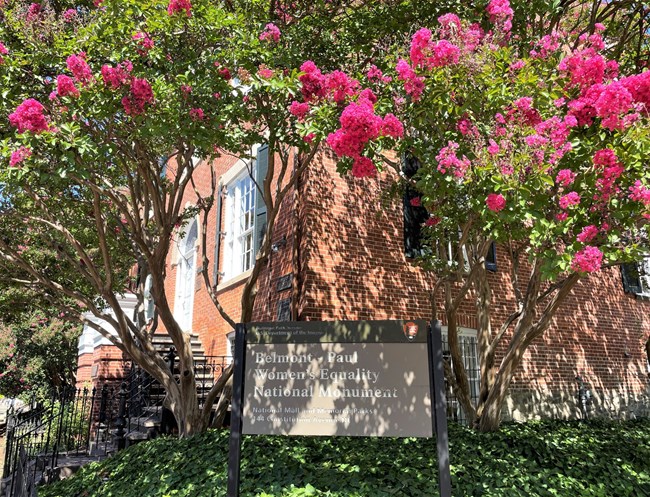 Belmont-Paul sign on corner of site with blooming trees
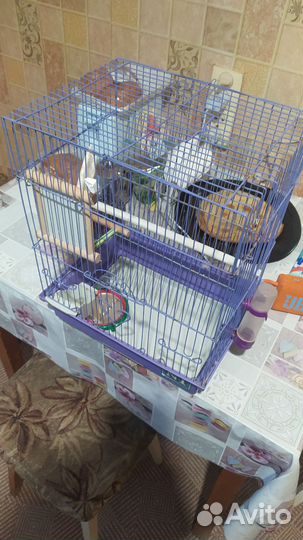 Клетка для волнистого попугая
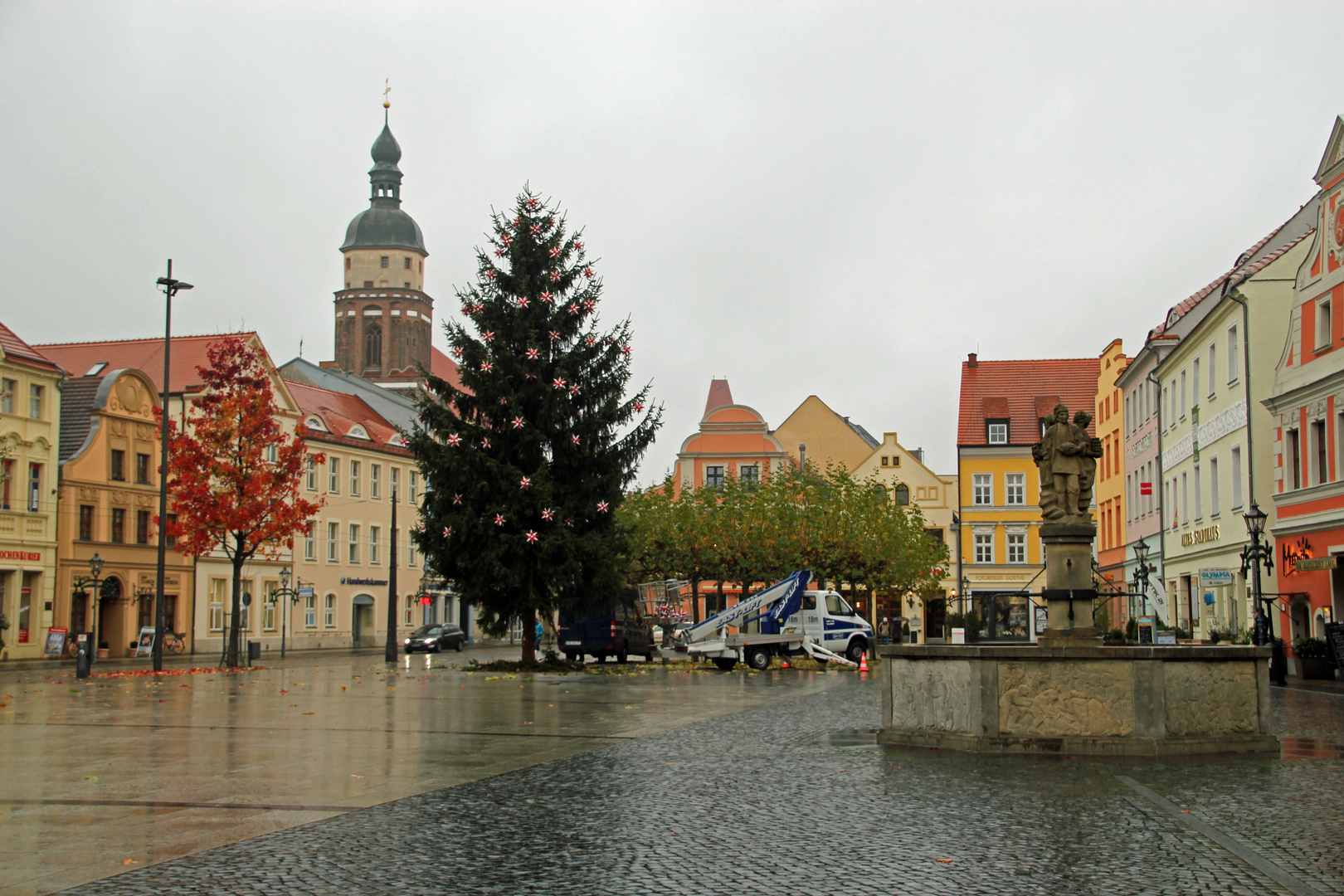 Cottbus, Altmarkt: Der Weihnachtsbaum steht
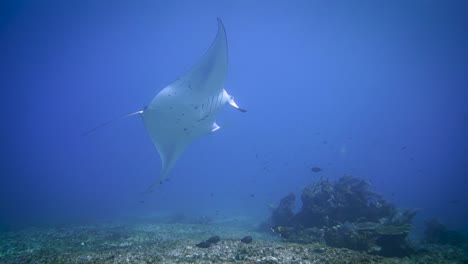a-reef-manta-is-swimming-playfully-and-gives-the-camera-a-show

## Task instructions:
Please print exactly the lines running from the line with "Клетка для волнистого попугая" through the final line of the material, and nothing more. Keep pictures out.

## Solved problem:
 Клетка для волнистого попугая
 Cottbus, Altmarkt: Der Weihnachtsbaum steht
a-reef-manta-is-swimming-playfully-and-gives-the-camera-a-show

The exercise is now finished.